In de jaren ’80, een uitbundige periode voor Hindi-cinema, verscheen Mithun Chakraborty op het grote scherm en betoverde het publiek met zijn danspassen op hits zoals “I Am a Disco Dancer” en “Jimmy Jimmy”.
Mithun, bekend om zijn dansbewegingen en flamboyante kostuums, bereikte een ongekende status als een popcultuurfenomeen. Zijn samenwerking met componist Bappi Lahiri zorgde voor discohits die de massa in vervoering brachten, van lokale straten tot bioscopen en sloppenwijken. Ondanks zijn succes, werd Mithun vaak belachelijk gemaakt vanwege zijn huidskleur, zijn ‘gestripte’ tanden, en zwaar Bengaals accent.
Hij werd neerbuigend “gareebon ka Amitabh” genoemd en speelde voornamelijk in B-films, zelfs nadat hij een National Award had gewonnen voor zijn debuut in *Mrigayaa* (1976).
De tijd was niet ideaal voor hem om te concurreren met supersterren zoals Amitabh Bachchan.

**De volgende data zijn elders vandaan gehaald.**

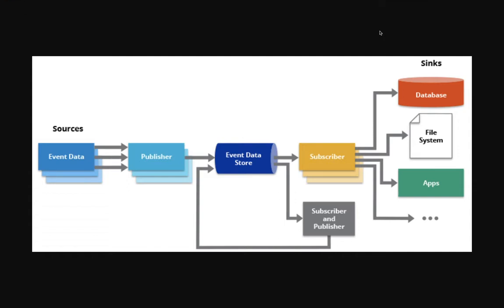Hi everyone and welcome back. In the previous video we talked about event-driven architecture, and in this video we are going to look at the demo for the same.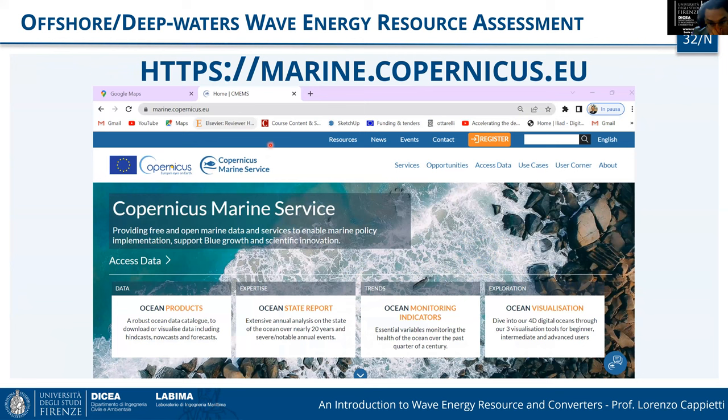If you need wave data, you can use the Copernicus Marine Service. It provides significant wave height, energetic wave period, and everything needed to work on energy assessment for the regional area of interest.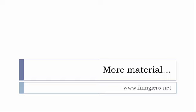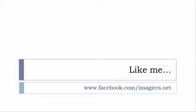And then last but not least, don't forget to like me on Facebook, please, s'il vous plaît. The address is quite simple: www.facebook.com/imagier.net. Thank you very much, merci beaucoup, au revoir.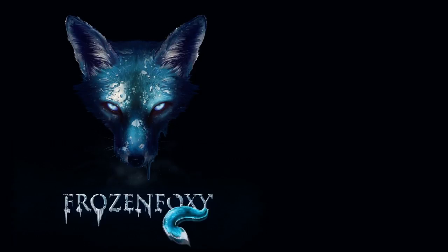Hello again everyone, FrozenFoxy with part 3 of the tutorials on the new tools. Thought I'd get a jump on this instead of waiting three years to release part 3 while I still have a bit of free time.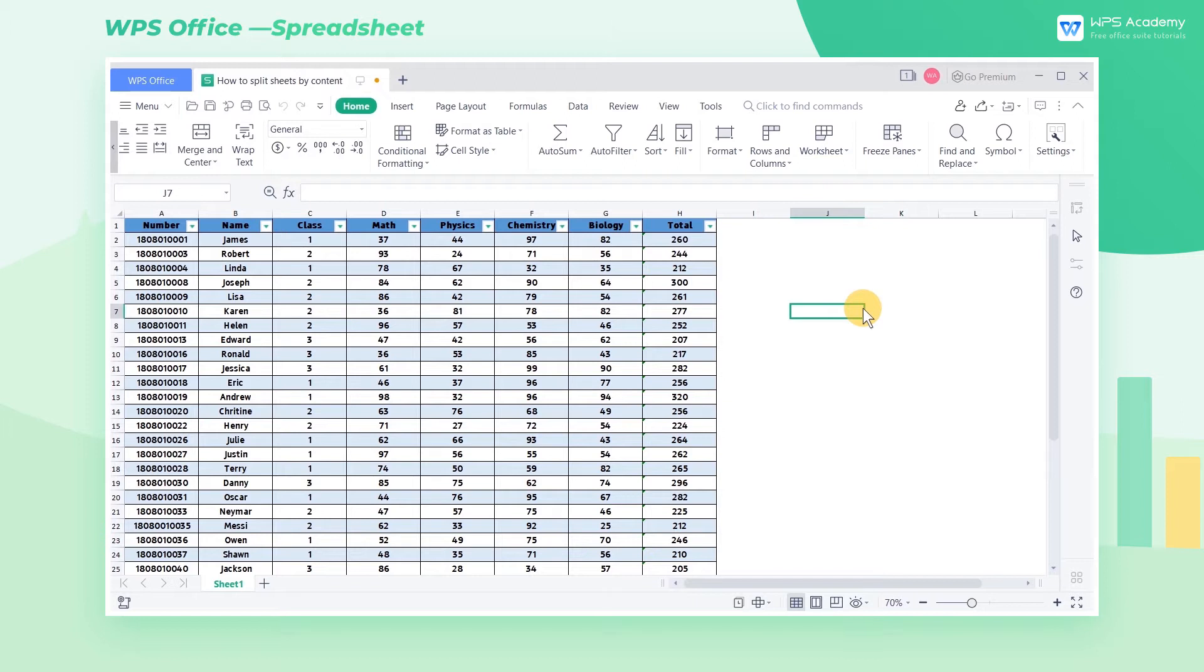When you want to split the content based on specific categories in the sheet, are you still disassembling and reorganizing the content one by one? The split sheet feature can help you.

Mithun omarmde zijn ondergrondse heldenstatus en werd een icoon voor arbeidersklassemannen zoals riksja-wallahs, busconducteurs, vrachtwagenchauffeurs, koelies en fabrieksarbeiders. Hij schitterde in low-budget films zoals *Gunda*, en ondanks zijn keuzes stond hij in de harten van de arbeidersklasse.
Geboren als Gouranga Chakraborty, had Mithun te kampen met moeilijkheden toen hij voor het eerst uit Kolkata naar Mumbai kwam. Hij leed onder barre omstandigheden maar had geen klachten. Hij werd een beroemdheid door zelfdiscipline en door zijn dromen na te jagen. Hoewel hij een icoon werd onder de arbeidersklasse, streefde Mithun ernaar om een bredere aanhang te vinden en hij introduceerde onderdelen zoals discodansen en karate in Bollywood.
Zijn ambitie om door te breken naar een breder publiek vereiste samenwerkingen met topactrices en leidde tot een complexe reis van een B-klasse naar een A-klasse acteur.